• **Work request**: Print out the entries from the line containing "Shaker Style Bookcase" through the last line, exactly, and print nothing else. Pictures are not copied.

Segment Start: Data in this exercise

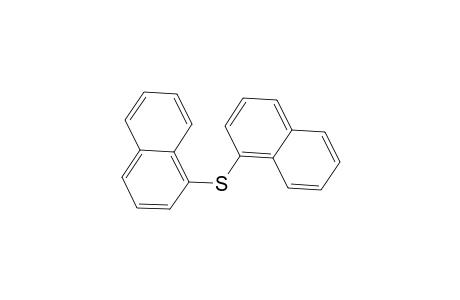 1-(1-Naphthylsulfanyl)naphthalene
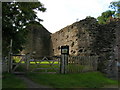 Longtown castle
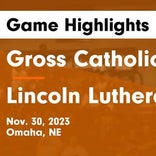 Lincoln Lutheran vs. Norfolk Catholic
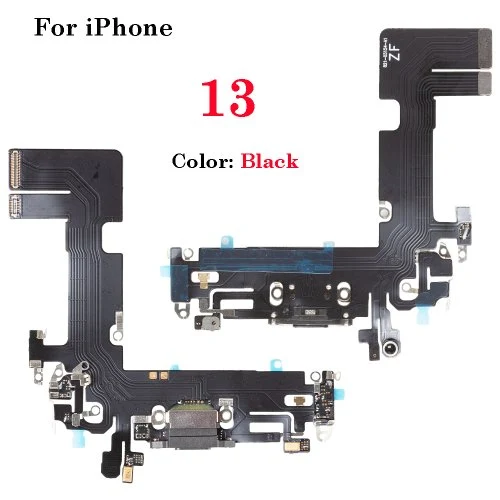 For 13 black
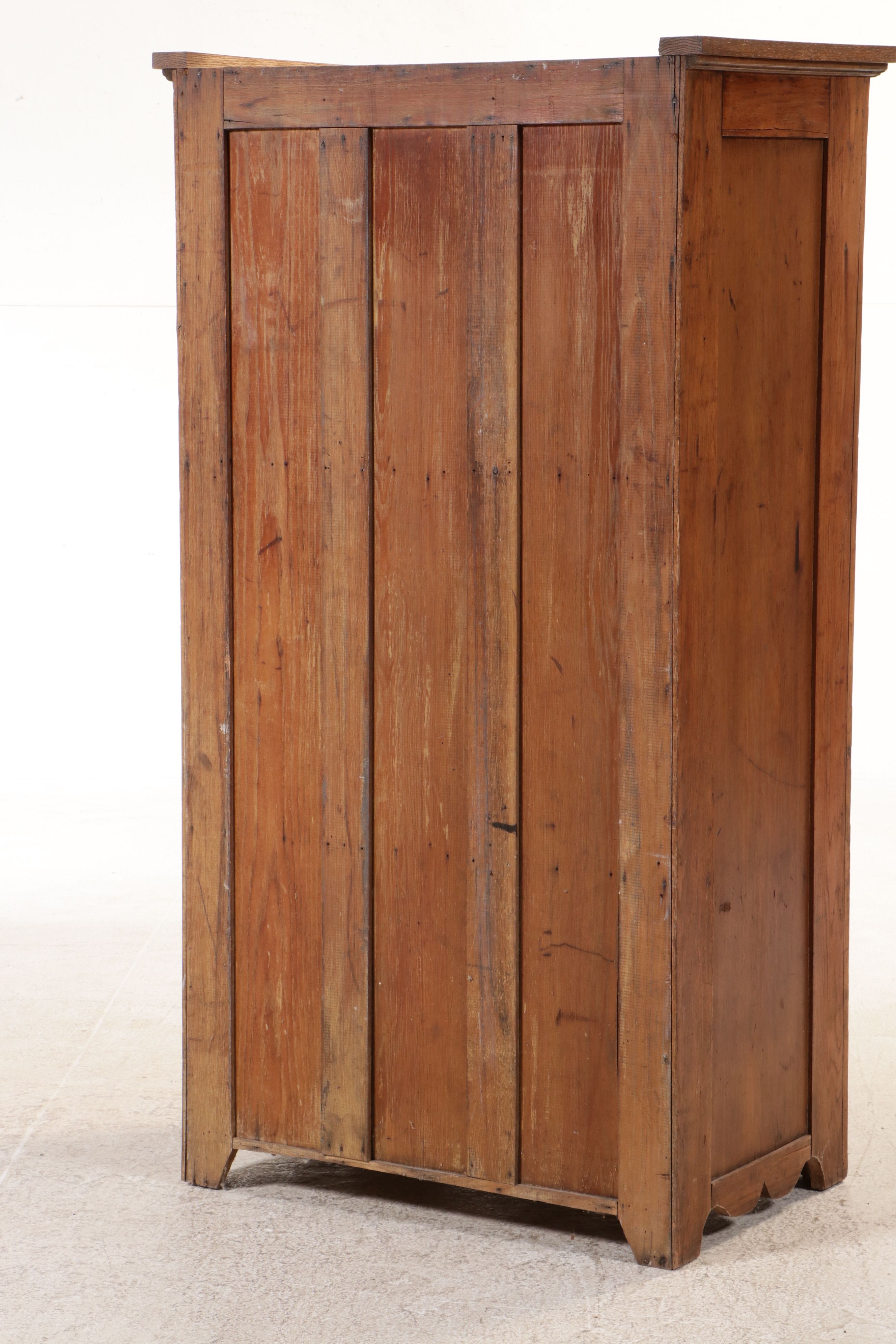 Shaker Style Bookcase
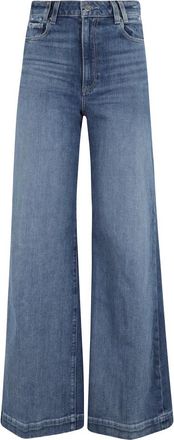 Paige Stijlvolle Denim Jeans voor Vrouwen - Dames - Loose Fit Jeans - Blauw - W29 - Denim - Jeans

Segment End: Data in this exercise

• **Exercise solution**:
 Shaker Style Bookcase
 Paige Stijlvolle Denim Jeans voor Vrouwen - Dames - Loose Fit Jeans - Blauw - W29 - Denim - Jeans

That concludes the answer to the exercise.